В ее обители бывали разные мужчины, но таких Зи-Зи никогда не встречала. Ей тогда исполнилось тридцать, она забросила свое ремесло и взяла в дом двух сироток, обучив искусству любодейства, но рассказывать об этом Герману не стала. Предложила свои услуги.

В услугах подобного рода в ту минуту он, замерзший и перепачканный сажей, не нуждался, но отказываться не стал, и по прошествии трех четвертей часа она была влюблена в него без памяти. Профессиональное чутье не подвело ее: как мужчина он оказался не то чтобы на высоте — на недосягаемой высоте. И это при отсутствии возбуждения или сколько-нибудь сильного желания обладать женщиной.

Каков же он в подлинной страсти? Этот вопрос не давал ей покоя все эти годы. Она так и не стала его «подлинной страстью». Впрочем, утешало, что на всех женщин он смотрел одинаково холодно. Но ведь когда-то она должна была вспыхнуть, его страсть…

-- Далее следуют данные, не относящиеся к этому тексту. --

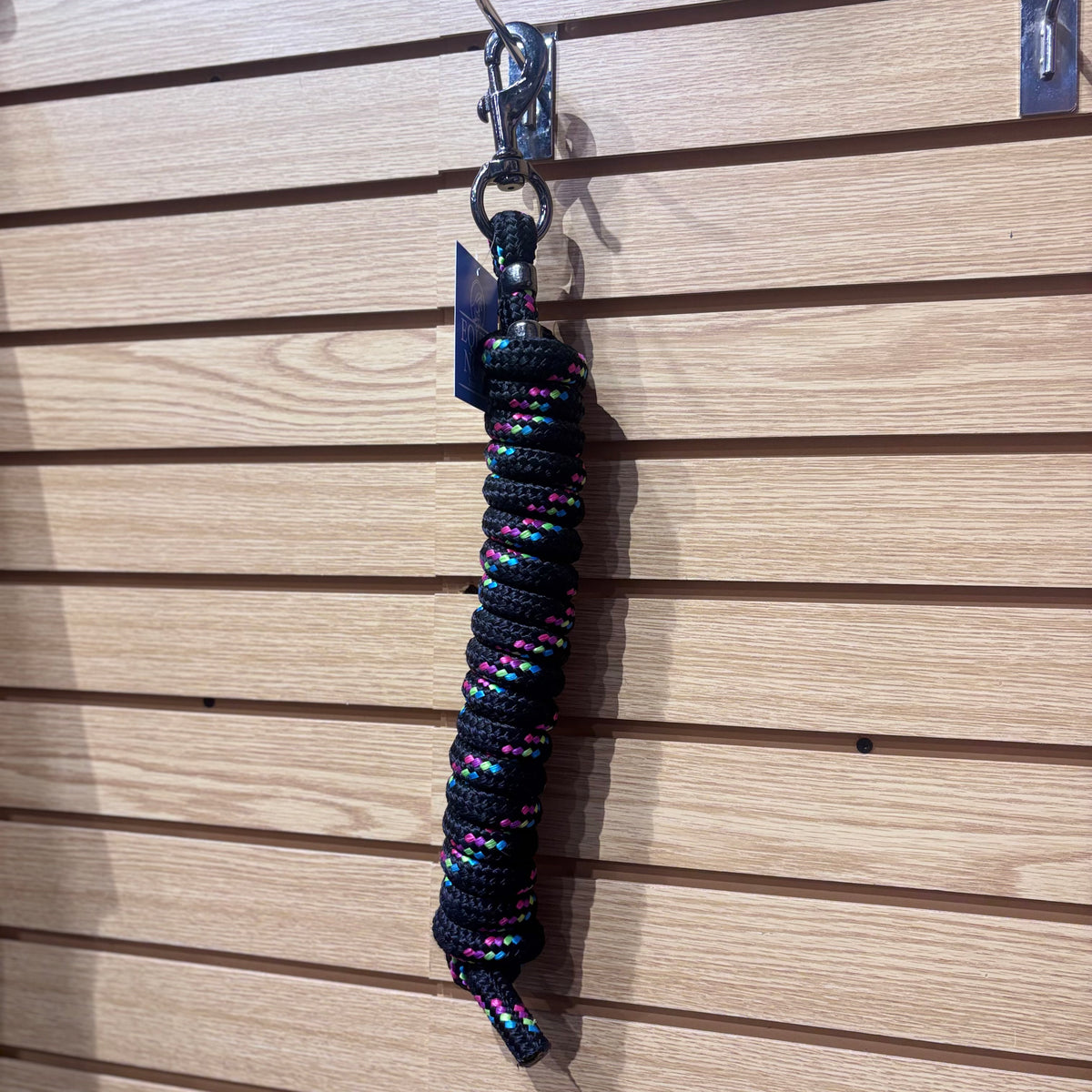 Used Black/Pink Weaver Nylon Lead Rope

Он тогда прожил у нее три дня, выспрашивая про знакомых, родителей, домочадцев. Его интересовали странные подробности ее жизни, многое из того, что и в голову не придет рассказывать постороннему человеку. За эти три дня она превратилась в его цепного пса, готового исполнить все, что взбредет ему в голову. Это она-то, независимая и гордая Зи-Зи, которой клиенты пеняли за ее заносчивость и непокорность.

Он приказал ей подыскать более просторное помещение и подсказал, где искать и к кому обратиться. «Одну комнату оставишь за мной», — сказал он ей, протягивая несколько ассигнаций. Руки у нее задрожали. Но не при виде денег, а потому, что он дал ей понять, что собирается то ли навещать ее, то ли и вовсе поселиться в ее доме. Она справилась с его поручением и получила второе: императорский дворец…

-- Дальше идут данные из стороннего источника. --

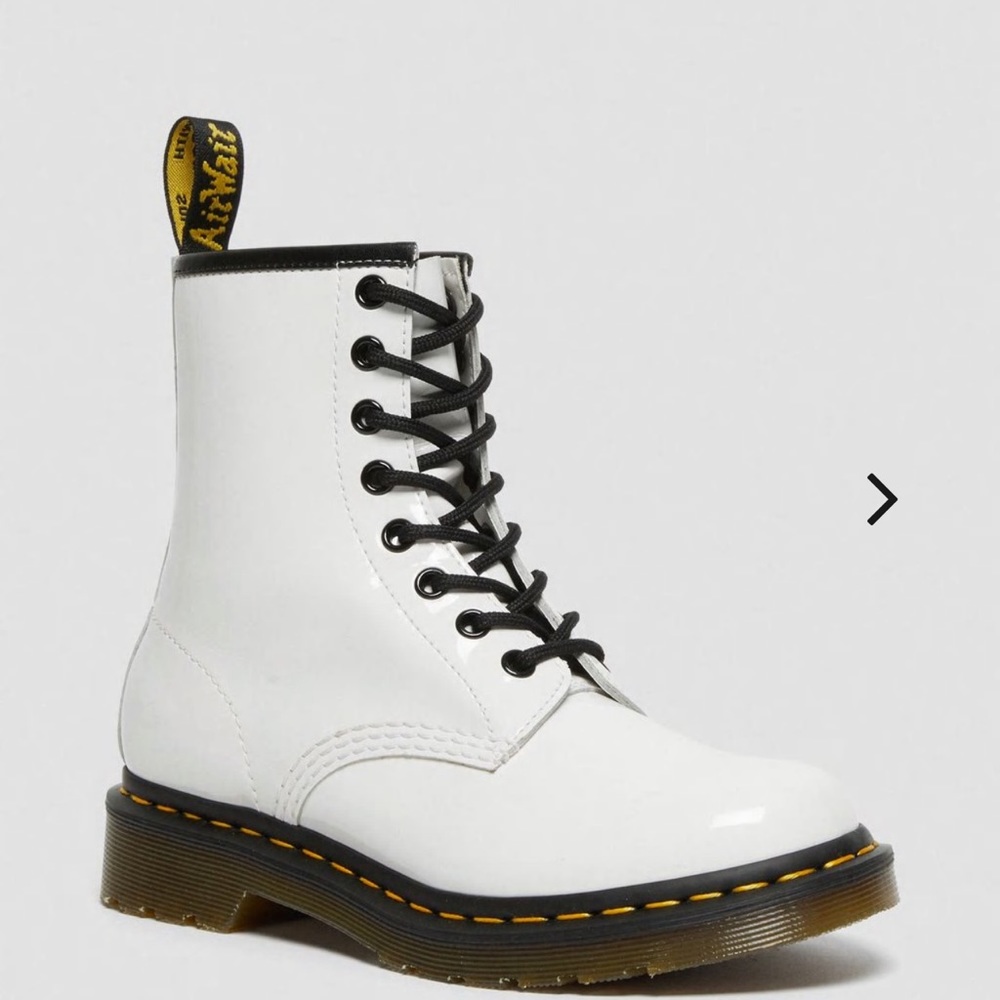 DR. MARTEN 1460 WOMEN'S PATENT LEATHER LACE UP BOOTS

Она как услышала, так и обомлела. Вспомнила, что именно в тот день, когда он впервые появился на ее пороге, пахнущий дымом и весь в копоти, именно в тот самый день, как сказывала потом соседка, полыхнул Зимний дворец. Три дня бушевал пожар, и соседка звала ее смотреть на зарево…

Он приказал Зи-Зи одеться торговкой и покрутиться на набережной с самодельными пирожками, посмотреть, послушать, что говорят. Перед дворцом было довольно народу, многих одолевало любопытство. Во всем винили нерадивых истопников, а иные до хрипоты доказывали, что во всем виноват архитектор Монферран, снабдивший дворец деревянными перекрытиями, — одной искры хватило, чтобы пламя взметнулась до потолка. Но тех, кто болтал про Монферрана, сторонились, узнавая в них шпионов Третьего отделения, рыскающих в толпе.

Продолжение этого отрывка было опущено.